The Vietnam era — names like Lynette “Squeaky” Fromme, Bill Ayers and H. Rap Brown come to mind — poisoned America. Ford closed the book. We were able then to go on to the next thing: happier days when the Americans beat the Soviets in hockey and Jimmy Carter, followed by Ronald Reagan and a new generation of prosperity. But the prosperity and power that rose American wealth to its highest post-WW II peak in the Reagan, Bush and Clinton period would not have been possible without Gerry Ford. He was the vital link between chaos and order. Things need to end before they can begin again. And if Obama passes these wars on to Romney, Palin, Huckabee, Rick Perry or anyone else, he will have failed history. Prosperity will not return. America will descend again into chaos.
The Obama group and the Congress today seem to value nothing more than going to meetings. Both parties — but not the new group rising in the NY-23 election — seem stuck in the past. They seem detached. For a cluelessness test, they might be stopped randomly by the press and asked, who are Bella and Edward and what’s up with Taylor and Taylor? If you don’t know, ask a kid.
Instead of heading out nightly to those big-hair, dress-up, self aggrandizing lobbyist dinners — Newt Gingrich once compared them to those of the Mandarins of the Empress Dowager Ci’an’s court, before he joined them — they might turn on cable to see what is going on in America.
Linda Gray and Larry Hagman have been asked to reprise their Sue Ellen and J.R. Ewing characters for a remake of the Reagan-era soap “Dallas.” Good for Rick Perry and suggests a George W. Bush revival.
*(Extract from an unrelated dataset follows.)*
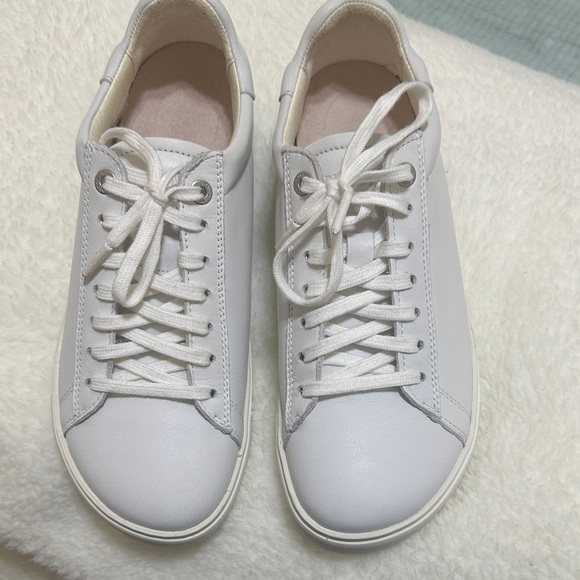 Birkenstock white sneaker. - Picture 3 of 5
But to see what’s really going on in the amorphous, uncharted waters of the collective unconscious, plug into “Sons of Anarchy,” the FX production that recently beat Leno in the ratings.
It looks pretty hot, like Kurt Cobain meets Hell Boy. It suggests the awakening days of the rising ’60s when Hell’s Angels and the Bay Area hippies were brother and sister. Days of love and thunder awakened by war across the Pacific. Which suggests a California revival.
Some quotes from the trailer: “Seems like the original idea of the MC was something simpler. You know, social rebellion ... call it a Harley commune ... ” And a mother’s advice to younger woman: “You love the man ... you learn to love the club.” (Harley is family.)
When a local cop stops Jax, the Kurt Cobain guy, and tells him, “I will not look the other way, Jax ... a friendly warning,” Jax replies, “We’re all free men, protected by the Constitution. You look any way you want, Chief.”
Guns, Harleys, the Constitution. Oh my! That’s the rising theme here. This is the new generation and it is soon to be upon us. And David Letterman is afraid of Sarah Palin?